Crawled caption data
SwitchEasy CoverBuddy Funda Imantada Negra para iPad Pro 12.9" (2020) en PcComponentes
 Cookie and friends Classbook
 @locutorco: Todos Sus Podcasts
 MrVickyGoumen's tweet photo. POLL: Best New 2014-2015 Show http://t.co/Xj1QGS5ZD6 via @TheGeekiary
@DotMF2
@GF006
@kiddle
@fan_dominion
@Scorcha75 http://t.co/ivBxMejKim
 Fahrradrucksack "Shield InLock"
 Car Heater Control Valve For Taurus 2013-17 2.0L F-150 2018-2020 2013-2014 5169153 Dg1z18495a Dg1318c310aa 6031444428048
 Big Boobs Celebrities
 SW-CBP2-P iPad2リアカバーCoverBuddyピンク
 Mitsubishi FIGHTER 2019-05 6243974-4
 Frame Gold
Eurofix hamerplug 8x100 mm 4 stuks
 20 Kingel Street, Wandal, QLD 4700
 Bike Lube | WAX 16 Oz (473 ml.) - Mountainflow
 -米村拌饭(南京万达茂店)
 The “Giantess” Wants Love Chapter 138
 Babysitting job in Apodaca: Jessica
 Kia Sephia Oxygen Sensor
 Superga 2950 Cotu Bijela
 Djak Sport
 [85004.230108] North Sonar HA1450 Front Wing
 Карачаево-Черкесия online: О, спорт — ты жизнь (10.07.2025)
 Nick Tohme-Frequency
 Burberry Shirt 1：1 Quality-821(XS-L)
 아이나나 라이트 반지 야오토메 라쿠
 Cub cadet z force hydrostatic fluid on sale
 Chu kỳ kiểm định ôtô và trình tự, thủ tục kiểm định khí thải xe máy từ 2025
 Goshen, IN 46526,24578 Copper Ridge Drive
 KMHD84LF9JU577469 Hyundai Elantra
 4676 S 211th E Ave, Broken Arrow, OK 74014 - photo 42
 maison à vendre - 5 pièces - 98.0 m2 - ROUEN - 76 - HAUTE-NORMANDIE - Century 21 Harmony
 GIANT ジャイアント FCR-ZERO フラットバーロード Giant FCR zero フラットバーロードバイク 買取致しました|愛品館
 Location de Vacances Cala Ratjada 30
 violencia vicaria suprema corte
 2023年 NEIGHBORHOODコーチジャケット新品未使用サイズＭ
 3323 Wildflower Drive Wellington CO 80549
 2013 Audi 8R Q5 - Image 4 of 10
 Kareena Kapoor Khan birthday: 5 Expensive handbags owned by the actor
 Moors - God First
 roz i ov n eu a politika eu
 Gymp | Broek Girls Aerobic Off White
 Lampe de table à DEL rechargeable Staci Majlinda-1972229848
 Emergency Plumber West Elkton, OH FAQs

▶ [Assignment] Copy out the data above word for word, starting at its first line and ending with the line that contains "20 Kingel Street, Wandal, QLD 4700".

▶ [Task response]
SwitchEasy CoverBuddy Funda Imantada Negra para iPad Pro 12.9" (2020) en PcComponentes
 Cookie and friends Classbook
 @locutorco: Todos Sus Podcasts
 MrVickyGoumen's tweet photo. POLL: Best New 2014-2015 Show http://t.co/Xj1QGS5ZD6 via @TheGeekiary
@DotMF2
@GF006
@kiddle
@fan_dominion
@Scorcha75 http://t.co/ivBxMejKim
 Fahrradrucksack "Shield InLock"
 Car Heater Control Valve For Taurus 2013-17 2.0L F-150 2018-2020 2013-2014 5169153 Dg1z18495a Dg1318c310aa 6031444428048
 Big Boobs Celebrities
 SW-CBP2-P iPad2リアカバーCoverBuddyピンク
 Mitsubishi FIGHTER 2019-05 6243974-4
 Frame Gold
Eurofix hamerplug 8x100 mm 4 stuks
 20 Kingel Street, Wandal, QLD 4700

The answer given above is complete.